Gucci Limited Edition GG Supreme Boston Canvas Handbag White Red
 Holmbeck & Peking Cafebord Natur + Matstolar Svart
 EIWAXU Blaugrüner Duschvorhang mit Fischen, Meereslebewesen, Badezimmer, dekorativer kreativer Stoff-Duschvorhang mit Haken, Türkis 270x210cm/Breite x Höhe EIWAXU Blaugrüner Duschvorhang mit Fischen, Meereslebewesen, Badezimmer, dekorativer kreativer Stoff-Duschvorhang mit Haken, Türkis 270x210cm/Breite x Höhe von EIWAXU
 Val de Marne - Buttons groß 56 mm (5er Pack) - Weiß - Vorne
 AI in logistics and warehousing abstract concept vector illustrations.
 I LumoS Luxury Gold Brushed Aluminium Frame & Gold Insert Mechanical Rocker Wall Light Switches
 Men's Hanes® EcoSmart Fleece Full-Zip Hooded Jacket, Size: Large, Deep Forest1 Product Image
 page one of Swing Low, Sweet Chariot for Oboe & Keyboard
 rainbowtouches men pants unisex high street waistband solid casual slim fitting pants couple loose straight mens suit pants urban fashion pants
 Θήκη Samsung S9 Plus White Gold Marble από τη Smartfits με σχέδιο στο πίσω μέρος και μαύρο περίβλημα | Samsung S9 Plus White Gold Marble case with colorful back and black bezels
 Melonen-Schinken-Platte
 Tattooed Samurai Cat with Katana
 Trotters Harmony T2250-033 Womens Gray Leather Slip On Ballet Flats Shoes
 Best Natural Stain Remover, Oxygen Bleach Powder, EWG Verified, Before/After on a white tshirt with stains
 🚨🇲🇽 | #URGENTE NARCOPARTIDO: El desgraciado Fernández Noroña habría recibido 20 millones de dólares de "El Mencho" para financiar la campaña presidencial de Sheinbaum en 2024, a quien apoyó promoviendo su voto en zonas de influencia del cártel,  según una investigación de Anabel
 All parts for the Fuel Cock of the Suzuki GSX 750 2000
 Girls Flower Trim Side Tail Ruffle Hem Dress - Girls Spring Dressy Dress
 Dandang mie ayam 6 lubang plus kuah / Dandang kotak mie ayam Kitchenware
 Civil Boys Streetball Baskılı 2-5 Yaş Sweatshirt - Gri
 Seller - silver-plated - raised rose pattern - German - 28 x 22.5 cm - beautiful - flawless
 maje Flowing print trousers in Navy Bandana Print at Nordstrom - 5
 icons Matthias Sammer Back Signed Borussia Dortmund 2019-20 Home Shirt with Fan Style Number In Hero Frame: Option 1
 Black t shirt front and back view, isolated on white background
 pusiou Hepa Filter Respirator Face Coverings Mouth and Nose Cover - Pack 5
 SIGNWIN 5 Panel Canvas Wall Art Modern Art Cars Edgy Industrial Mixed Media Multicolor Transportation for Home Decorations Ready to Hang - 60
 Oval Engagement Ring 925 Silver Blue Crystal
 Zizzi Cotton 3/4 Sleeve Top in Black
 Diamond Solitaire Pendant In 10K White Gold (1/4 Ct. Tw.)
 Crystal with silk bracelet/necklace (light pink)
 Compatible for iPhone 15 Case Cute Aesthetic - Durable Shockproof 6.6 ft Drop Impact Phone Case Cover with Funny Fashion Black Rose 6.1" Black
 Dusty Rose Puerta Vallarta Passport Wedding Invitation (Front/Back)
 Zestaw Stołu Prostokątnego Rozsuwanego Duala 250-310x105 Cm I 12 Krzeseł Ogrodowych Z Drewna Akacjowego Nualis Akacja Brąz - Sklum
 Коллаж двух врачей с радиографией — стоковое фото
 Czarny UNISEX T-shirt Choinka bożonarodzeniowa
-------------------------
▶ What you will do: Find every line in the records above that contains the word "Pack", and copy each one.

▶ Reply:
 Val de Marne - Buttons groß 56 mm (5er Pack) - Weiß - Vorne
 pusiou Hepa Filter Respirator Face Coverings Mouth and Nose Cover - Pack 5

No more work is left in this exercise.